As we are in Provence, I thought this week’s French in a Flash on Serious Eats should be reflective of the times. I have had some mediocre Nicoise pissaladiere over the last few days, but as far as street foods go, it is such a brilliant, local concoction, and I love it so much even at its lowliest form, that I wanted to try my hand at renovating it. Pissaladiere is a rectangular tart from the south of France, with a “sauce” of sweet sauted onions, laced with anchovy filets and studded with black olives. My version begins with a bought whole wheat pizza dough. I top it with the requisite onions, then decorate it with toasted, buttery pine nuts, melting pockets of fresh goat cheese, black olive studs, tapenade quenelles, anchovy filets, caper berries, and stems of fresh thyme. It can be eaten hot or cold, and is fragrant, satisfying, and beautiful. As always, the whole story and recipe can be found here. Bon app!
- 3 onions, sliced thinly into half moons
- 2 tablespoons olive oil, plus 1 tablespoon
- Salt and pepper
- 1 12-ounce ball of pizza dough, preferably half white, half whole wheat flour
- Corn meal
- 2 tablespoons tapenade
- 8 anchovy filets in olive oil
- 1 tablespoon toasted pine nuts
- 15 Niçoise olives
- 2 ounces chèvre, or fresh goat cheese
- 3 caper berries
- 3 stems fresh thyme, plus more for garnish
A Note on some Ingredients
As for the pizza dough, please feel free to use all-white or all-wheat. I think the wheat works especially well, but for French in a Flash, it really is all about what is easy and accessible for you.
- In a large sauté pan, add the onions to 2 tablespoons of olive oil, sitting over medium-low heat. Season with salt and pepper, and sauté slowly for 45 minutes, until the onions are soft and jammy. Be sure to stir them often, and lower the heat if they burn too quickly.

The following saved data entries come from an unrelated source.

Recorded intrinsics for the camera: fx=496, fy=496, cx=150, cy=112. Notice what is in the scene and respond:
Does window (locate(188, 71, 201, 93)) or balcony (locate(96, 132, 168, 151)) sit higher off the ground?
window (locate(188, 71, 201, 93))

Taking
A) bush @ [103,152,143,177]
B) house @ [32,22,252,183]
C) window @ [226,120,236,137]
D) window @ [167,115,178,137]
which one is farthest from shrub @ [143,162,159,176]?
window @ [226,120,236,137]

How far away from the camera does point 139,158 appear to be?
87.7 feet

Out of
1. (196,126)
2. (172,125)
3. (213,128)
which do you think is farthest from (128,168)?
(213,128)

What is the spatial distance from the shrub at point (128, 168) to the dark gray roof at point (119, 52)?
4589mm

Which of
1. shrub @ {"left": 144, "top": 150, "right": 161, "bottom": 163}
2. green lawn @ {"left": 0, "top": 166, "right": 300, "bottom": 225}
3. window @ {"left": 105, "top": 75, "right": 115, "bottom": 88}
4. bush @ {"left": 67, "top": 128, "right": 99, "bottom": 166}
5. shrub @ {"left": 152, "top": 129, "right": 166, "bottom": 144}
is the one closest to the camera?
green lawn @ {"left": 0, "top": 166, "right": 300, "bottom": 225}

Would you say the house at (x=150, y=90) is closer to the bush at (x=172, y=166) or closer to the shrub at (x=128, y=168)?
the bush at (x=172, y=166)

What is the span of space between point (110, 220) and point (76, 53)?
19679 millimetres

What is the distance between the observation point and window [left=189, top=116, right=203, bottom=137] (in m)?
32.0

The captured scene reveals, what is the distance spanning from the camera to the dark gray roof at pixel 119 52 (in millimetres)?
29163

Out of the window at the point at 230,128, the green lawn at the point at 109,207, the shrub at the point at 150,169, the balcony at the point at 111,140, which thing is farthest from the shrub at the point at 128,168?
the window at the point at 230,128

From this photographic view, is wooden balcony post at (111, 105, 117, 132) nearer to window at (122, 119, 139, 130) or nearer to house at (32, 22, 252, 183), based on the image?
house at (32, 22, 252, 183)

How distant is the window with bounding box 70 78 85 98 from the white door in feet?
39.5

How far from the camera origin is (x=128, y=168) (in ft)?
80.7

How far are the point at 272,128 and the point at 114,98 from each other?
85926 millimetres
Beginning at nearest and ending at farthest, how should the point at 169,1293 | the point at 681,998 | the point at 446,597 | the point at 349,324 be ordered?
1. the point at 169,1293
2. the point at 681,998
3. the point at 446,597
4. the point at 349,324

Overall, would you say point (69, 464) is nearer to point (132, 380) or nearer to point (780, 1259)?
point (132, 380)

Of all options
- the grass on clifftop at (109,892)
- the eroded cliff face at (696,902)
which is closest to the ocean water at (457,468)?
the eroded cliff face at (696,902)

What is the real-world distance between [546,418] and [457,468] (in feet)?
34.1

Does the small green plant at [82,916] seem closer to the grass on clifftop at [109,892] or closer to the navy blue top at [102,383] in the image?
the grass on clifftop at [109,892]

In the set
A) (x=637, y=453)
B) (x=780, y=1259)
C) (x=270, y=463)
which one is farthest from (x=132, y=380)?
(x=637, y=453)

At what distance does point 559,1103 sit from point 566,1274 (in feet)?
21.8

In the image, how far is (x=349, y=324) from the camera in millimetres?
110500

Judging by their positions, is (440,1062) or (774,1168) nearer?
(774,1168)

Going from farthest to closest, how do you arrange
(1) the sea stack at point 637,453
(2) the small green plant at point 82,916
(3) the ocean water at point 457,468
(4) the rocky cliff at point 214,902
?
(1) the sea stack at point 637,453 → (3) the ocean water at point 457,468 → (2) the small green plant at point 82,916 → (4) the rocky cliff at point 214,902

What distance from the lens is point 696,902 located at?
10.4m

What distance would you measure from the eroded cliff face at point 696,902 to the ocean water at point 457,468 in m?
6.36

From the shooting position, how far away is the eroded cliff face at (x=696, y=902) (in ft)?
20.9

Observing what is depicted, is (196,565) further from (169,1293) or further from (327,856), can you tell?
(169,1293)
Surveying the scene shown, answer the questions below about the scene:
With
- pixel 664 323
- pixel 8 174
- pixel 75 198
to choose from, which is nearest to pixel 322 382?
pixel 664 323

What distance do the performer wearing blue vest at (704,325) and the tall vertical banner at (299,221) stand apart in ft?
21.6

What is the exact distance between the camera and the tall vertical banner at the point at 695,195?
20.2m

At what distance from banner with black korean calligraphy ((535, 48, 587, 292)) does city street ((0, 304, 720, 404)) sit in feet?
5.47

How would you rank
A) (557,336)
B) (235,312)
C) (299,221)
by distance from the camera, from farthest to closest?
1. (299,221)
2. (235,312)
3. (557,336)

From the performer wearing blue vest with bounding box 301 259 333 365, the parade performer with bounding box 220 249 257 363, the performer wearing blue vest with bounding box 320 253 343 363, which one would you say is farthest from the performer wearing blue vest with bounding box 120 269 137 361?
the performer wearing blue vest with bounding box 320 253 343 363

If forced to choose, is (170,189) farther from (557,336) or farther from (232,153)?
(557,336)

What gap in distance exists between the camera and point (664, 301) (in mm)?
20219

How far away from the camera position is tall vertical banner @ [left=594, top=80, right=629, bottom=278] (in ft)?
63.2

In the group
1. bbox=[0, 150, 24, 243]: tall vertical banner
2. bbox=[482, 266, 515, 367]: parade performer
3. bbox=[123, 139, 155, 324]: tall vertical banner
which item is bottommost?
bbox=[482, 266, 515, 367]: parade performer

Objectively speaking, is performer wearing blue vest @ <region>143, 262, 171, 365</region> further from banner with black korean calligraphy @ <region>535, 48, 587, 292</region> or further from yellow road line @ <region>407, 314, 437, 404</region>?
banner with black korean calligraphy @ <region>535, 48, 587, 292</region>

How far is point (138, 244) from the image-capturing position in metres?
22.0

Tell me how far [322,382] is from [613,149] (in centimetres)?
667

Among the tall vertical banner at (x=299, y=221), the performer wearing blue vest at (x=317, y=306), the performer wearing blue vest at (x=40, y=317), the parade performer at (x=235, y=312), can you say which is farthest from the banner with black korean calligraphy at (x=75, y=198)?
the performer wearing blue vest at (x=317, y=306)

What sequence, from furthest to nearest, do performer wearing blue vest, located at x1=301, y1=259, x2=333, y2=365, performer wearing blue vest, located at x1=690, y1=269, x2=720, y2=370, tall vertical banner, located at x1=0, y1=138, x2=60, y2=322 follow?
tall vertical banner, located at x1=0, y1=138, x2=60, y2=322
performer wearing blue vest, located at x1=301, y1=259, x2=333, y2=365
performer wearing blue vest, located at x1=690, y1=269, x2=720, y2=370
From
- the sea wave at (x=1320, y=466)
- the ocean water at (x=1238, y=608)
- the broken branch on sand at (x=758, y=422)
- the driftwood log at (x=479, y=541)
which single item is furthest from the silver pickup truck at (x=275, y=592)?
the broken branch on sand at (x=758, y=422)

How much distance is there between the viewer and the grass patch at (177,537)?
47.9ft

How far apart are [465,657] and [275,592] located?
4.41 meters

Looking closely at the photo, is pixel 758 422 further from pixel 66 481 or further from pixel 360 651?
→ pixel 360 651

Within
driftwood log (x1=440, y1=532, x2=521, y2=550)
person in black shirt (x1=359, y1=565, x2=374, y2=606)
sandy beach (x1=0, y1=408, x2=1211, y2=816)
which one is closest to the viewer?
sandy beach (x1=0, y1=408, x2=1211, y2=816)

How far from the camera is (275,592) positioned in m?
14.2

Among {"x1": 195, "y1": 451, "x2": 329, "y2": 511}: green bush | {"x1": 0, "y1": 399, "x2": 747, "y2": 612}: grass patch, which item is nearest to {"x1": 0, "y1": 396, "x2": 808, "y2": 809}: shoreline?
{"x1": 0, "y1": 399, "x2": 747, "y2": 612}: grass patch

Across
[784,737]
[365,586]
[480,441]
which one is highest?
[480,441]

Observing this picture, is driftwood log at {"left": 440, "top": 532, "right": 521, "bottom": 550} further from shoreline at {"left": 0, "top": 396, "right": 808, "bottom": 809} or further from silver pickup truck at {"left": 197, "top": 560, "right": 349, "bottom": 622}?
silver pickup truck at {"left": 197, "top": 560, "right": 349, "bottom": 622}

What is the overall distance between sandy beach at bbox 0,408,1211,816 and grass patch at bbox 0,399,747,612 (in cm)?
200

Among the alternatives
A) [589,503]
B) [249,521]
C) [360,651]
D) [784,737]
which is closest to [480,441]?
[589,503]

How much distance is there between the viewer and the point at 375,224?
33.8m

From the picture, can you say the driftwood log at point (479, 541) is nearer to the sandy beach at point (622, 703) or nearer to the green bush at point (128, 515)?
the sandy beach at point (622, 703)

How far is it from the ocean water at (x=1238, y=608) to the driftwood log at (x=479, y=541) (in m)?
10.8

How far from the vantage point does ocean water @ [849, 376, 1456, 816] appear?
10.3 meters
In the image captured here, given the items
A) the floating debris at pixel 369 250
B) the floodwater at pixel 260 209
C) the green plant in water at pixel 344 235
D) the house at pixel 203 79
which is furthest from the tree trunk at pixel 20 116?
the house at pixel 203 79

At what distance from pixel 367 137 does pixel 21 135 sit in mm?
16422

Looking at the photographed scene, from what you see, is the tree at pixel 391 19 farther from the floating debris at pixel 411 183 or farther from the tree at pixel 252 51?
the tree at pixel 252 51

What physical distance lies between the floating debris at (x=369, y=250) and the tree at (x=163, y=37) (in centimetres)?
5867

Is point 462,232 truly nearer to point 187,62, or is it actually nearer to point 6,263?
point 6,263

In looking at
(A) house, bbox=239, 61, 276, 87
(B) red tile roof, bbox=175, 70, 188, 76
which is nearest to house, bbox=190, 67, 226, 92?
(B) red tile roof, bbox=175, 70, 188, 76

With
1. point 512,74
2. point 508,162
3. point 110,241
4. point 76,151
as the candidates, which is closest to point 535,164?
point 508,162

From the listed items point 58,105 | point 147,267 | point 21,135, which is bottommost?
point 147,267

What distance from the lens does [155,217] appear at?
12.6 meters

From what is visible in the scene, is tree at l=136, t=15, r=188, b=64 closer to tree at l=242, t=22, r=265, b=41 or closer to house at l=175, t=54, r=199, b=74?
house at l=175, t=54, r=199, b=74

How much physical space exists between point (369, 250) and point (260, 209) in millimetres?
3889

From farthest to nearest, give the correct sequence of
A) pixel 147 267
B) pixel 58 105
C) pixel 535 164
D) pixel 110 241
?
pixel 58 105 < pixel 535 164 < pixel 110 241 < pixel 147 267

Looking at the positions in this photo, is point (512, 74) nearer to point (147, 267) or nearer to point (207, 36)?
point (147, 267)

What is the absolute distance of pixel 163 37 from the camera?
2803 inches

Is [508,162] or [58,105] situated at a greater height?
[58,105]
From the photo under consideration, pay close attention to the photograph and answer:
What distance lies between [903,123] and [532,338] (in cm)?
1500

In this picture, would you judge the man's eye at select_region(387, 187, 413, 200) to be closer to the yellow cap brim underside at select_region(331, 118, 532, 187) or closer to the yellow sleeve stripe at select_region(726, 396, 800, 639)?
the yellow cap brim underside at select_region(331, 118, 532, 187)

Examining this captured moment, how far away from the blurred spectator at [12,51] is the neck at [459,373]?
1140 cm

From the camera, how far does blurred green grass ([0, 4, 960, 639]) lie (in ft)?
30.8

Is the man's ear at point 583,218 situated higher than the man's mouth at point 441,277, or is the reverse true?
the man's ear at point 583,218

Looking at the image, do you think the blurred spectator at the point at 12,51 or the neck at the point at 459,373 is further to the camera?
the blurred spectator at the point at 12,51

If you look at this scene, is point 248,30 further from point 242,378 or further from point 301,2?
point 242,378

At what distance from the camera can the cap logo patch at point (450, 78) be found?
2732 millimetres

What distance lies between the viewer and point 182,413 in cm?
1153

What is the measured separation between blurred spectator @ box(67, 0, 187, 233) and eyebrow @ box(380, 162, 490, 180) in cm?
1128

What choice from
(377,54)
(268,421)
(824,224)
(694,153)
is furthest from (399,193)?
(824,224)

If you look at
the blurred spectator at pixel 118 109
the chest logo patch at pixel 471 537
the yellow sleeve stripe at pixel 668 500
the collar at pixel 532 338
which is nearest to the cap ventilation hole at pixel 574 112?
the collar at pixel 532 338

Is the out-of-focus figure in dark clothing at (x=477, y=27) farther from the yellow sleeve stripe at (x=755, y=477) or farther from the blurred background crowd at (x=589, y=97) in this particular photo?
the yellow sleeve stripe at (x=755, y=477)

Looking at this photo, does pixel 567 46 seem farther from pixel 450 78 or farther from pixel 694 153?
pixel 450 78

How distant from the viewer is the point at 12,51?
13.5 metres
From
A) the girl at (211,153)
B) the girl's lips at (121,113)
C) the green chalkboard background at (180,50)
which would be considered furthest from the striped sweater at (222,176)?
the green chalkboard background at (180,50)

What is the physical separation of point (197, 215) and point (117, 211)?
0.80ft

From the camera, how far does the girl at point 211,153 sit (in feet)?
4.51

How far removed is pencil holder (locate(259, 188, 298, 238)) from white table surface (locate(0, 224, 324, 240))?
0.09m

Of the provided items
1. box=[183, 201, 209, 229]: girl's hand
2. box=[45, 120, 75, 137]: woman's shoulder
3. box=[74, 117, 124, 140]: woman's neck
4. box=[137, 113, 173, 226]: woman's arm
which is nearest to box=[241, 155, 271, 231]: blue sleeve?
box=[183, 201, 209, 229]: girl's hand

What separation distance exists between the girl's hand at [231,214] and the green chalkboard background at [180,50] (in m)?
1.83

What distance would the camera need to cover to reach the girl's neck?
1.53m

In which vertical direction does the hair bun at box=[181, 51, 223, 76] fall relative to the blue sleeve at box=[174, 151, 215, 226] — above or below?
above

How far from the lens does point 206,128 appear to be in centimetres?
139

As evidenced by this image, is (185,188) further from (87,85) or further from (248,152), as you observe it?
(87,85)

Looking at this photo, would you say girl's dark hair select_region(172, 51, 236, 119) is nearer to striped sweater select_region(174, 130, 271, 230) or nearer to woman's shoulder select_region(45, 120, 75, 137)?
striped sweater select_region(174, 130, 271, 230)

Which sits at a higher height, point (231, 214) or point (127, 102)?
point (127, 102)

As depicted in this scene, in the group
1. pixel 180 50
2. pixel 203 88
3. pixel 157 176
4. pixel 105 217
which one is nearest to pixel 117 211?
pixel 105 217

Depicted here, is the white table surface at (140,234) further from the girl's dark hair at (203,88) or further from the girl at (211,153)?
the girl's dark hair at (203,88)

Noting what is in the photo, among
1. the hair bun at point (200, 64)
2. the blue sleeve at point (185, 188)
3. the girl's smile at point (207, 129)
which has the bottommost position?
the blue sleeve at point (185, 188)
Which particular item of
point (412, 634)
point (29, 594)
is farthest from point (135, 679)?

- Meanwhile, dust the bottom of the pizza dough with just a touch of corn meal, to keep it from sticking. Dust the top of the dough and your rolling pin with a bit of flour for the same reason. You could just use flour for both purposes to keep it simple. Roll the dough out into a 15-inch round, and sit it on a nonstick cookie sheet or pizza pan. Brush the dough with the remaining tablespoon of olive oil, and season with salt and pepper.
- Preheat the oven to 450°F.
- When the onions have finished cooking, spread them out over the pizza dough as you would if you were using tomato sauce. Spoon 8 little quenelles (or mounds) of the tapenade around the middle of the pizza in a wide circle. Alternate the tapenade hills with anchovy valleys, laying an anchovy like a sunray between each mound of olive paste. Scatter the pine nuts all over the pissaladière, then olives. Divide the chèvre into little bits and scatter those all over as well. Place the 3 caper berries in the center of the pissaladière, and scatter fresh thyme leaves over the entire pizza.
- Bake the pissaladière for 15 minutes. Then garnish with extra sprigs of fresh thyme, and maybe a slight drizzle of fresh extra virgin olive oil. Serve warm, or at room temperature.